Exercise
All the data below goes into the copy word for word, but the pictures don't.

Available data
- - - -

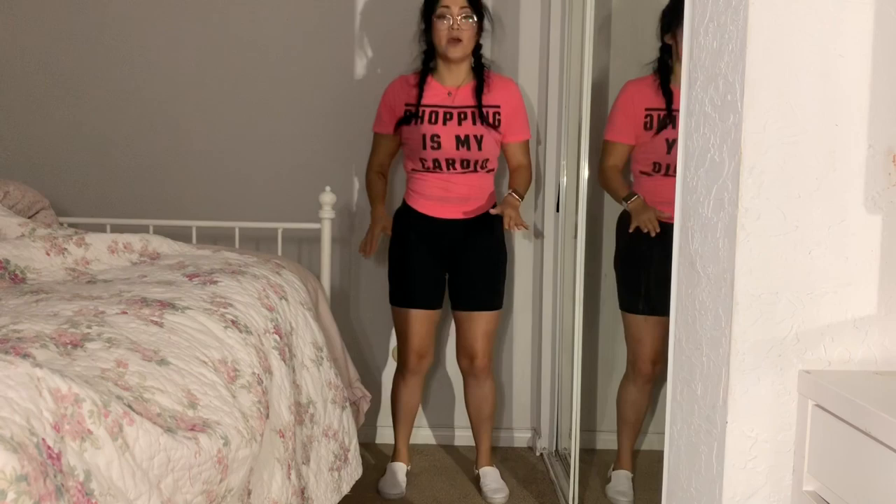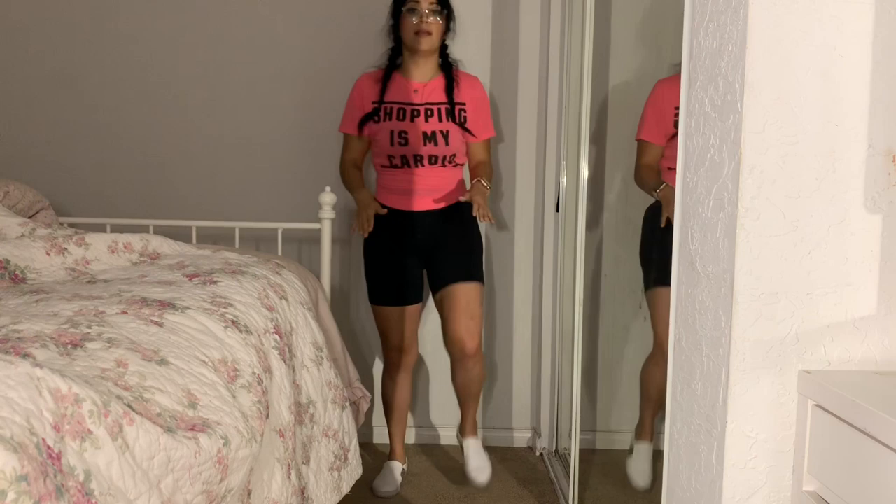Last workout is going to be a crisscross high knee. You're basically going to cross — one, one — and then jump up. If you're a beginner, jump and then just bring one leg at a time. Ready, let's go for ten.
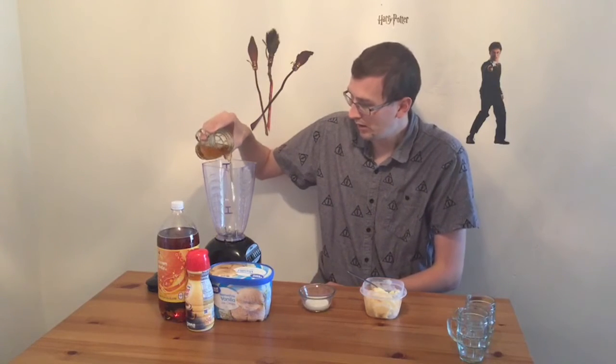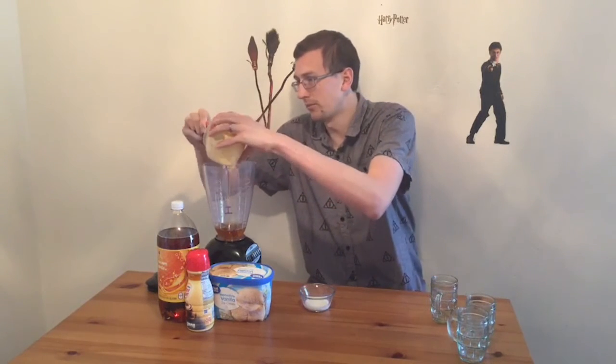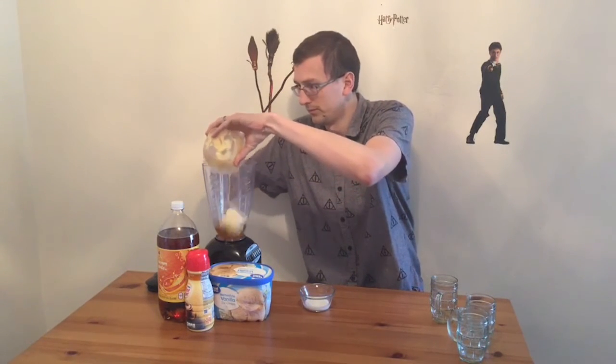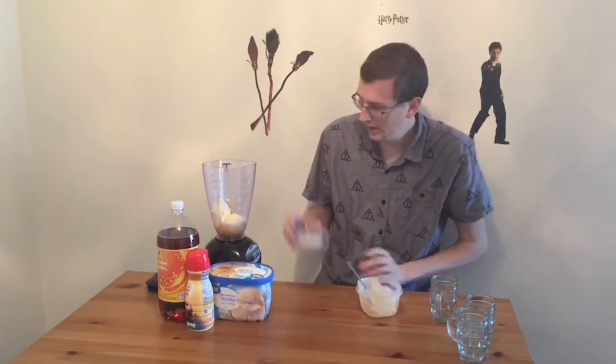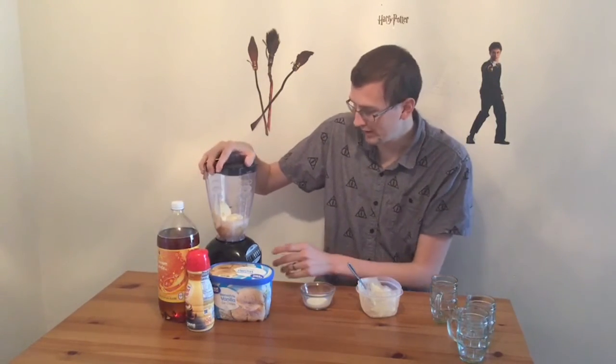So we're going to go ahead and do that. I'll start by adding my cream soda, my vanilla ice cream, and then a little bit of butterscotch. And we'll get this blended. There you go — now you have it. Some fantastic butterbeer shakes. Cheers!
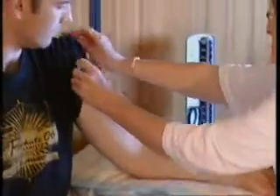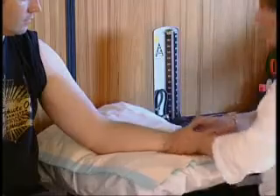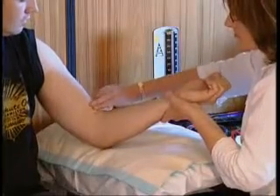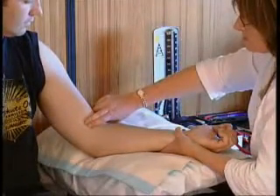Expose the arm fully. Locate the brachial artery. It usually helps to extend the arm to locate this artery. Note the position and return the arm to the slightly flexed, relaxed and supported position.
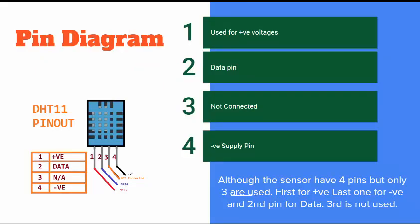The pin diagram of DHT11 is basically a 4-pin sensor, but only 3 pins are used. The first pin is for positive input signal, the second pin is for data — this is the pin you read in your microcontroller. The third pin is not connected anywhere and is not used at all, and the fourth pin is the ground pin.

- - - -

Written solution
Last workout is going to be a crisscross high knee. You're basically going to cross — one, one — and then jump up. If you're a beginner, jump and then just bring one leg at a time. Ready, let's go for ten.
So we're going to go ahead and do that. I'll start by adding my cream soda, my vanilla ice cream, and then a little bit of butterscotch. And we'll get this blended. There you go — now you have it. Some fantastic butterbeer shakes. Cheers!
Expose the arm fully. Locate the brachial artery. It usually helps to extend the arm to locate this artery. Note the position and return the arm to the slightly flexed, relaxed and supported position.
The pin diagram of DHT11 is basically a 4-pin sensor, but only 3 pins are used. The first pin is for positive input signal, the second pin is for data — this is the pin you read in your microcontroller. The third pin is not connected anywhere and is not used at all, and the fourth pin is the ground pin.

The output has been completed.